**TASK:** In this exercise, print only the lines of the records below from the one with "Roofers working around" through the one with "Кровать в общем номере Casa MonaLisa PTY", inclusive. Pictures are not part of the copy.

**TASK INPUTS:**
........

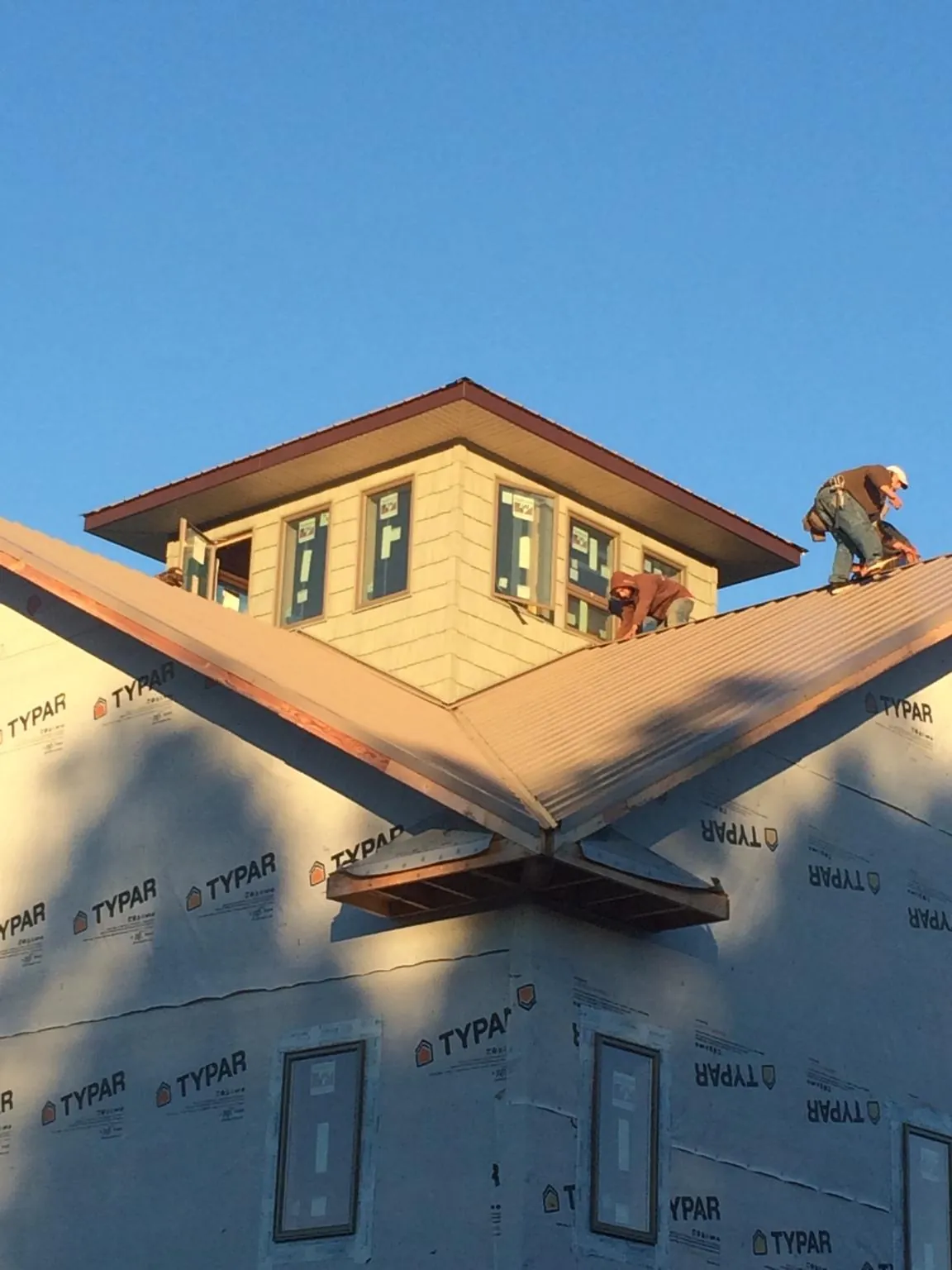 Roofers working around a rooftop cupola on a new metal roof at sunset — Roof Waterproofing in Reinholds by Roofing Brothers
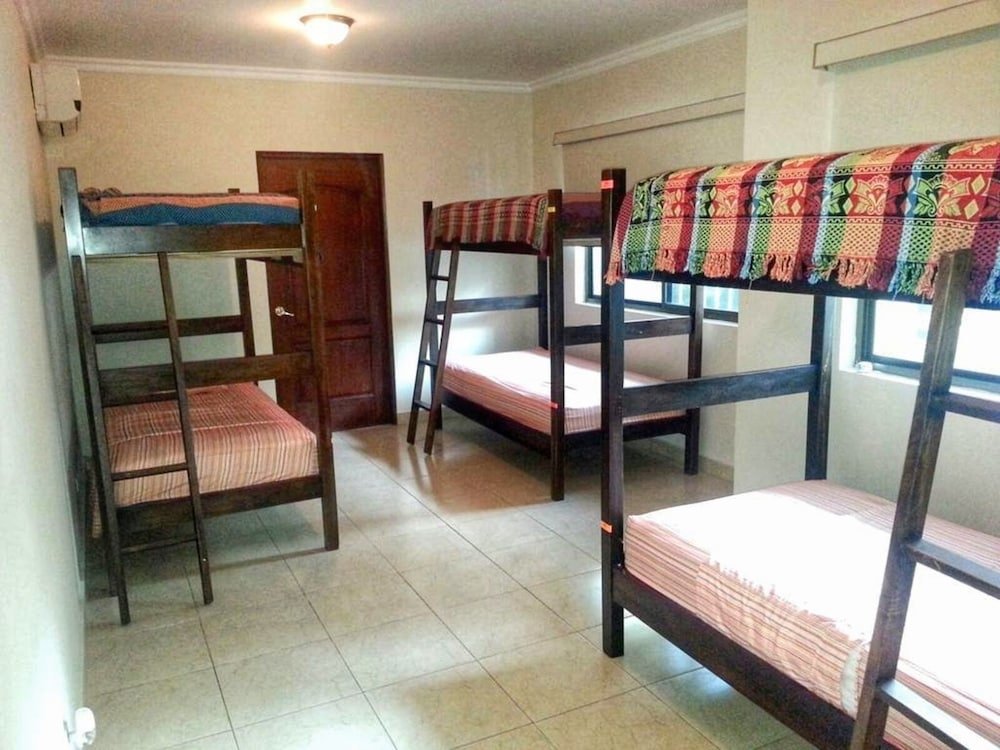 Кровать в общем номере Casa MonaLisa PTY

........

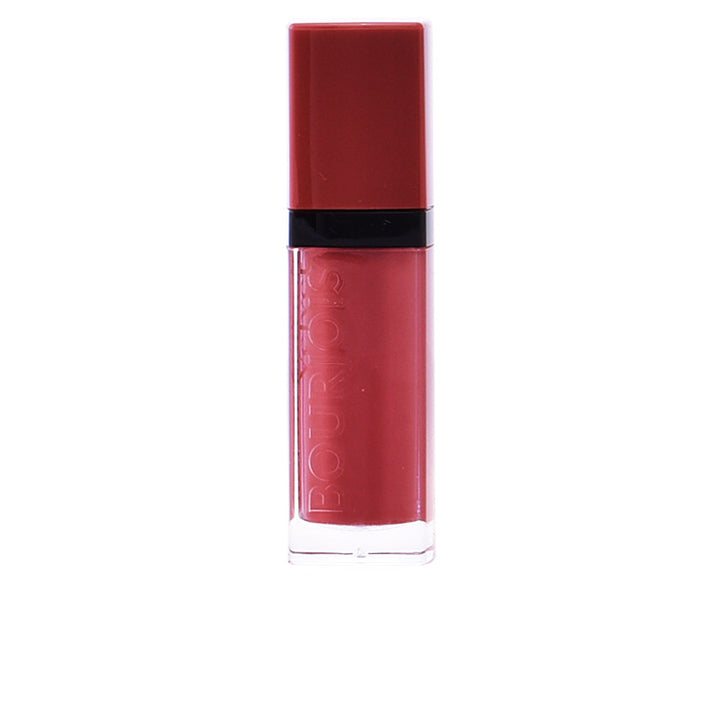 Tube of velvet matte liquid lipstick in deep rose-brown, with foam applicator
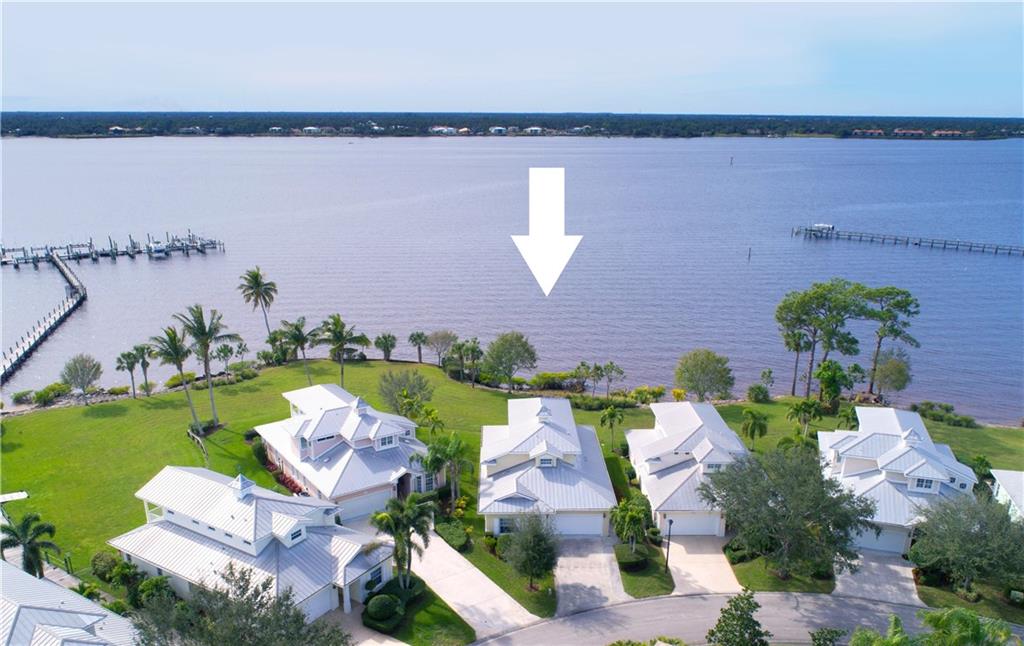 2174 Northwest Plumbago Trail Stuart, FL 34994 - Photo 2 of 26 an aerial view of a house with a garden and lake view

........

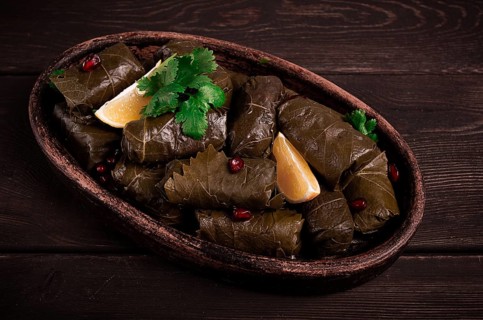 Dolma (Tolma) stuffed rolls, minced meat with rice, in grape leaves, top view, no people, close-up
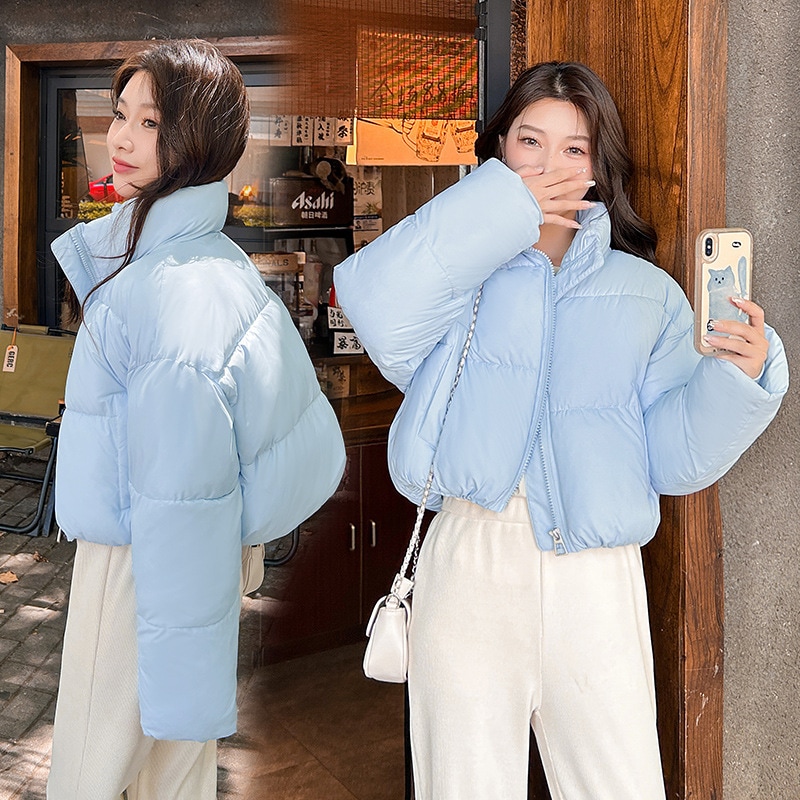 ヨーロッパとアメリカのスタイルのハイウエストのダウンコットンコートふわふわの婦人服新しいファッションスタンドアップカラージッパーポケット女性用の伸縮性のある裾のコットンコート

........

**ANSWER TO THE EXERCISE:**
 Roofers working around a rooftop cupola on a new metal roof at sunset — Roof Waterproofing in Reinholds by Roofing Brothers
 Кровать в общем номере Casa MonaLisa PTY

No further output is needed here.